──────── Provided material

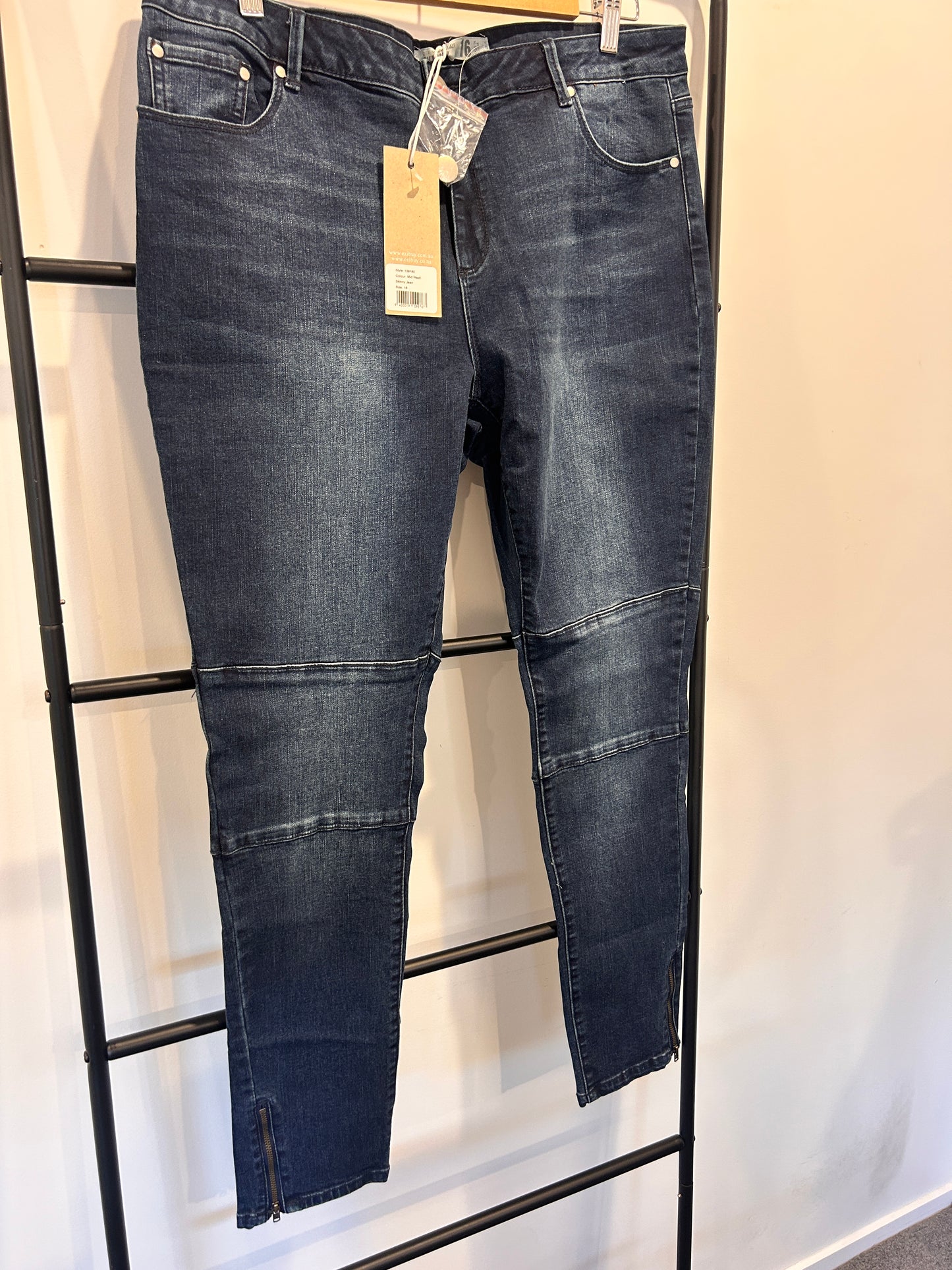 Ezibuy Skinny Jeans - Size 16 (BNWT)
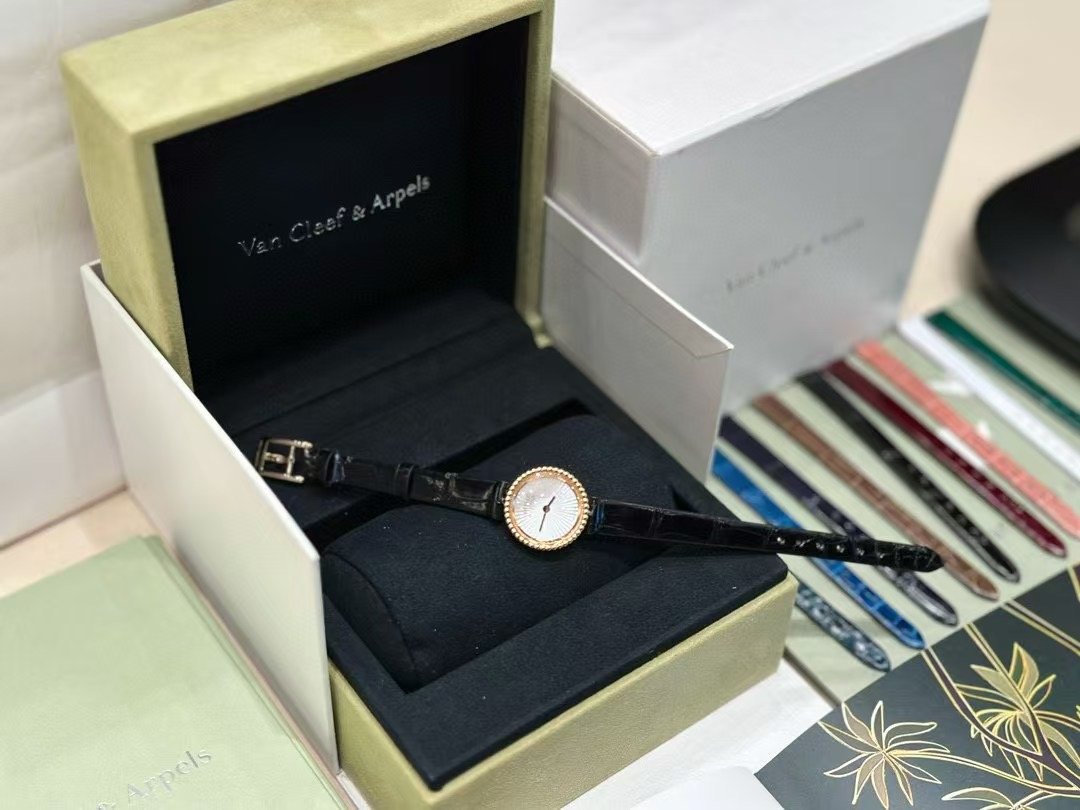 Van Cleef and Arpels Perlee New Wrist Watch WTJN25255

────────────────
──────── Provided material

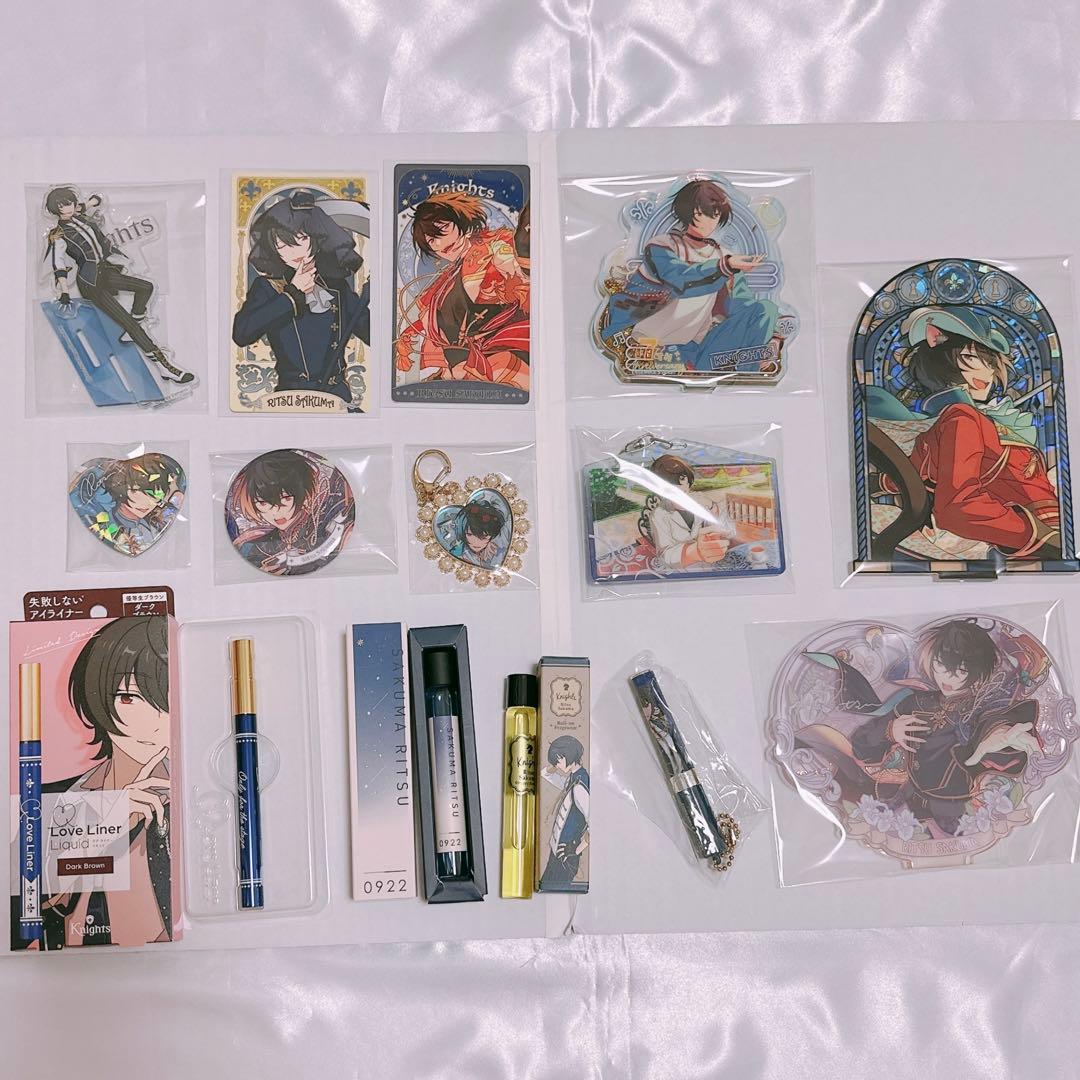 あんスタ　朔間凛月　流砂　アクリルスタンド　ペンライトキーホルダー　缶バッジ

────────────────
──────── Provided material

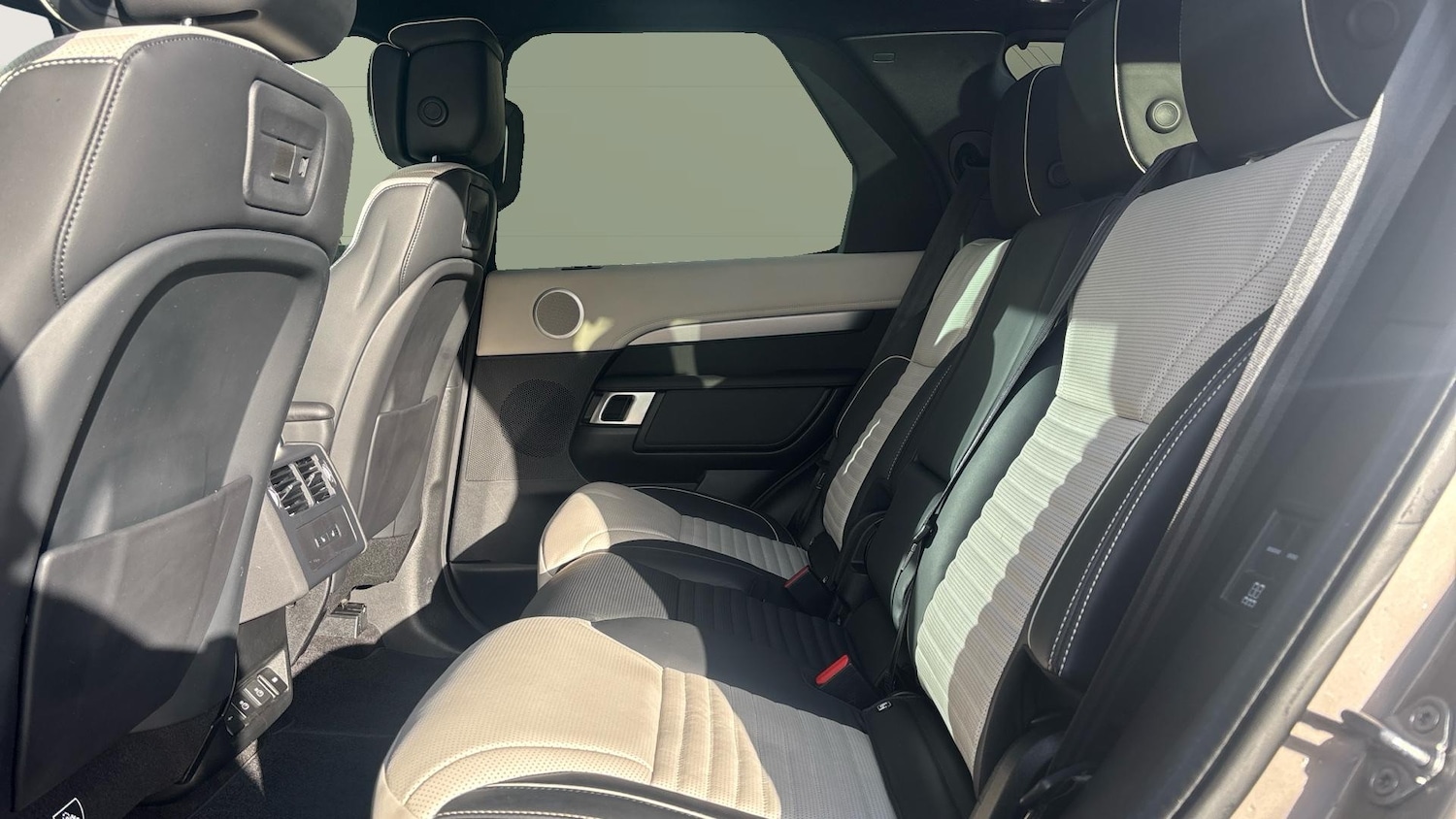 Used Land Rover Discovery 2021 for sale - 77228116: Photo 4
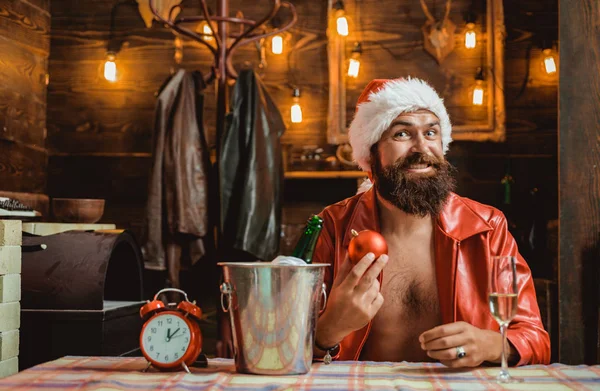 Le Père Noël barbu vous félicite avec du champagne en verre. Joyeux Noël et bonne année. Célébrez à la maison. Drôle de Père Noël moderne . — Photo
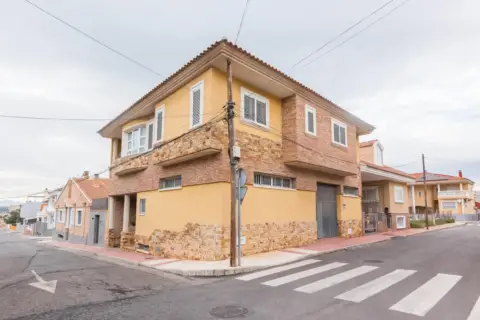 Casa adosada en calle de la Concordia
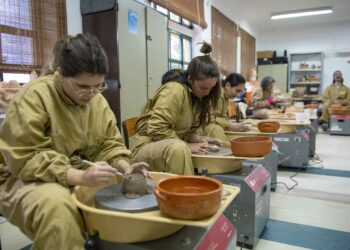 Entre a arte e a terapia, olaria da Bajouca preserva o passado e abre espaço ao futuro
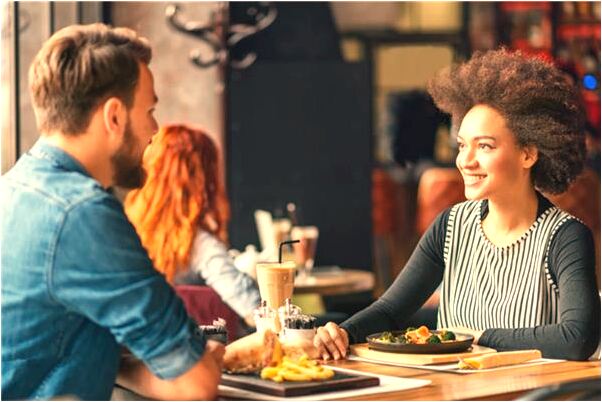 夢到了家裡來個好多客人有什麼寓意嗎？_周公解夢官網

────────────────

*Exercise aim:* Though the entries above contain pictures, none should be copied; reproduce only the lines between the one holding "Entre a arte" and the one holding "夢到了家裡來個好多客人有什麼寓意嗎？_周公解夢官網", inclusive, exactly as written.

*Result:*
 Entre a arte e a terapia, olaria da Bajouca preserva o passado e abre espaço ao futuro
 夢到了家裡來個好多客人有什麼寓意嗎？_周公解夢官網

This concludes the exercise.